*** Opening Dataset content ***

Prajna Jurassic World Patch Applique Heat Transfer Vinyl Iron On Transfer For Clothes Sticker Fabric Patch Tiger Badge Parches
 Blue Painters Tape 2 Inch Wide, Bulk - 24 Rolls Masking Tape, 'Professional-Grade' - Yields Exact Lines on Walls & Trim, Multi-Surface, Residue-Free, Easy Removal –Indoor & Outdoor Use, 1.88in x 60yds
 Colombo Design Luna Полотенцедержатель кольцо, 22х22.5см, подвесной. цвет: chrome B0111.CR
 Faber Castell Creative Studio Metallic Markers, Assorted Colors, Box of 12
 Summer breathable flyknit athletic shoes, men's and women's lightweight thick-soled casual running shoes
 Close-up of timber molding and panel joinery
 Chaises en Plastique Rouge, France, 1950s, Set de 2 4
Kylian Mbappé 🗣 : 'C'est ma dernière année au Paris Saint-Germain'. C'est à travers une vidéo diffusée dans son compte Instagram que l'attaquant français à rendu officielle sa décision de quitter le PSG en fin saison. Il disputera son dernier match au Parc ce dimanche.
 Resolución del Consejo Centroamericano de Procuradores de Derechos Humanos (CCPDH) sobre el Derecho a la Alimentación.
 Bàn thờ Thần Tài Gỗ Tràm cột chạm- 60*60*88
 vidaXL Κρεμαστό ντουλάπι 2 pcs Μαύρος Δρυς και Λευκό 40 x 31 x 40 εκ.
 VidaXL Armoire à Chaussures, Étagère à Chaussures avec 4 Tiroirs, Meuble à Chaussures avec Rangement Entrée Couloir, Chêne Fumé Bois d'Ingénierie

*** Closing Dataset content ***

* **What needs to be done**
Write out the material again, exactly as shown above.

* **Output below**
Prajna Jurassic World Patch Applique Heat Transfer Vinyl Iron On Transfer For Clothes Sticker Fabric Patch Tiger Badge Parches
 Blue Painters Tape 2 Inch Wide, Bulk - 24 Rolls Masking Tape, 'Professional-Grade' - Yields Exact Lines on Walls & Trim, Multi-Surface, Residue-Free, Easy Removal –Indoor & Outdoor Use, 1.88in x 60yds
 Colombo Design Luna Полотенцедержатель кольцо, 22х22.5см, подвесной. цвет: chrome B0111.CR
 Faber Castell Creative Studio Metallic Markers, Assorted Colors, Box of 12
 Summer breathable flyknit athletic shoes, men's and women's lightweight thick-soled casual running shoes
 Close-up of timber molding and panel joinery
 Chaises en Plastique Rouge, France, 1950s, Set de 2 4
Kylian Mbappé 🗣 : 'C'est ma dernière année au Paris Saint-Germain'. C'est à travers une vidéo diffusée dans son compte Instagram que l'attaquant français à rendu officielle sa décision de quitter le PSG en fin saison. Il disputera son dernier match au Parc ce dimanche.
 Resolución del Consejo Centroamericano de Procuradores de Derechos Humanos (CCPDH) sobre el Derecho a la Alimentación.
 Bàn thờ Thần Tài Gỗ Tràm cột chạm- 60*60*88
 vidaXL Κρεμαστό ντουλάπι 2 pcs Μαύρος Δρυς και Λευκό 40 x 31 x 40 εκ.
 VidaXL Armoire à Chaussures, Étagère à Chaussures avec 4 Tiroirs, Meuble à Chaussures avec Rangement Entrée Couloir, Chêne Fumé Bois d'Ingénierie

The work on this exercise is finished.